I have been privileged to serve nine churches as pastor since 1982; in each the news was somewhat similar to what Nehemiah received, in that they were churches which had fallen on difficult times. The stories are similar and as heartbreaking.
In the case of Nehemiah, the immediate response was prayer – a prayer of contrite confession for the sins of Israel. Nehemiah was driven to God by the desolation of a destroyed heritage.
And, in today’s church, so should we pray…forgive us our sins.

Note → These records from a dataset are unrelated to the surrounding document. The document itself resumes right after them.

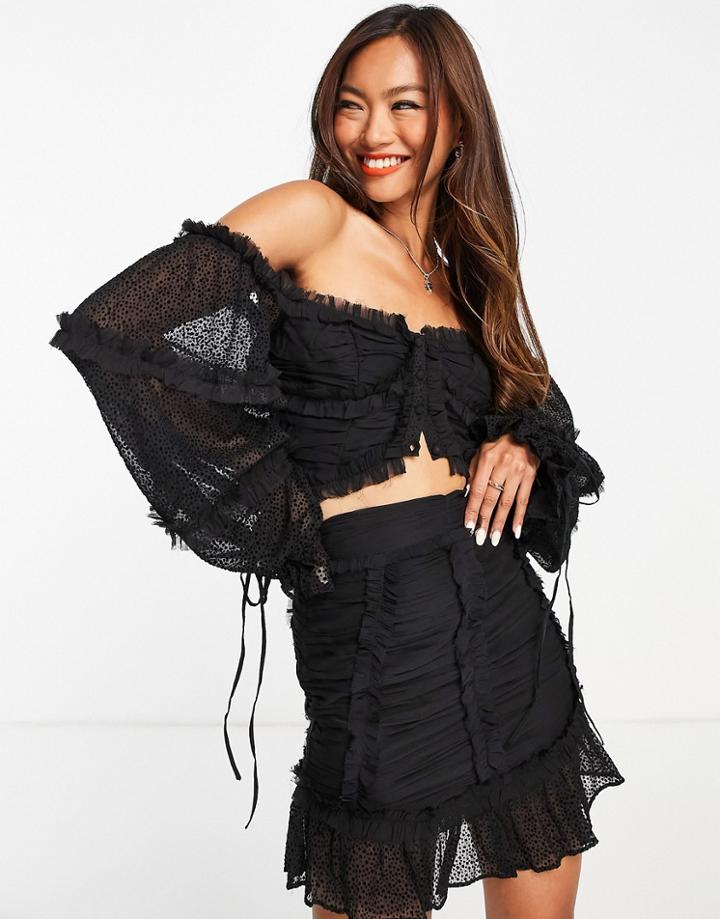 Asos Design Textured Chiffon Crop Top With Button Front Detail In Black - Part Of A Set-multi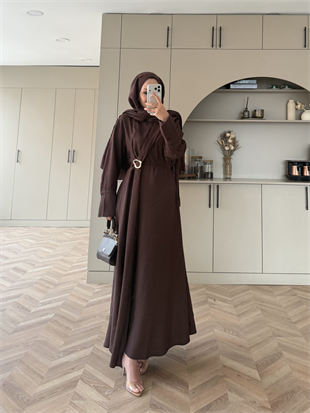 Marge Broş Kemerli Keten Elbise Kahve (1078)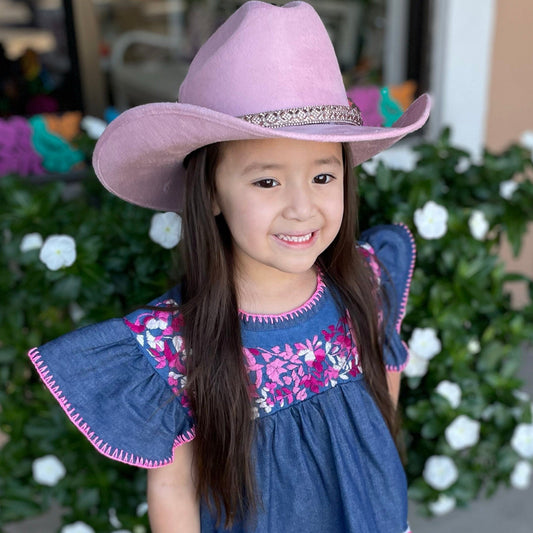 Girls Western Cowboy Suede Hat - Americana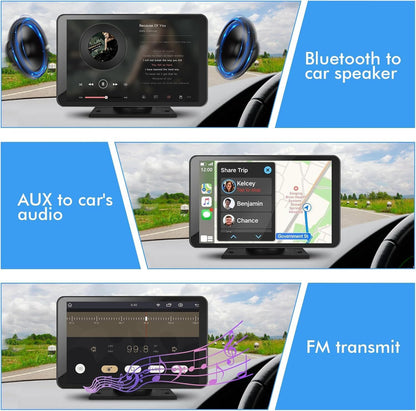 Double Din HD 7" Multimedia Player  Wireless Touchscreen Car Stereo Car Play & Android Auto, GPS, Voice Control, Mirror Link, Bluetooth Hands-Free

Some members from one of the churches I serve gathered this past Sunday evening with a dozen or so other churches to pray. Where did we start? We began at the same place Nehemiah did…confession of our sins. The pastors were called to the front and prayed with each other for forgiveness of our own sins and restoration of relationships. The rest of the night those 400-500 people lifted up similar prayers that we might experience the days God’s prophet Joel forecasted – the Spirit of God being poured-out.
What were the results? Can we wrap this up with a success story of thousands of lives being touched, people saved, lives restored, God receiving the glory?
We’ll see what prayer was as genuine as Nehemiah’s, as opposed to merely human emotional response of the moment, absent of commitment to changing the priorities of daily life.
Nehemiah’s last comment of his prayer meeting was that he was the king’s cupbearer. Now that’s a strange way to end a prayer, isn’t it? In the name of the Father, Son and Holy Spirit, those days I was an accountant, lawyer, surveyor, cashier, college student, retired miner…. But what Nehemiah was doing was connecting his prayer with the way he spent his days; it was lip joining life! What he had prayed was about to enter into everything about his past, present and eternity.
Nehemiah saw God respond, and so will we, when we pray from hearts driven to God.
Are you happy about the state of your church? If not, the confession booth is still open.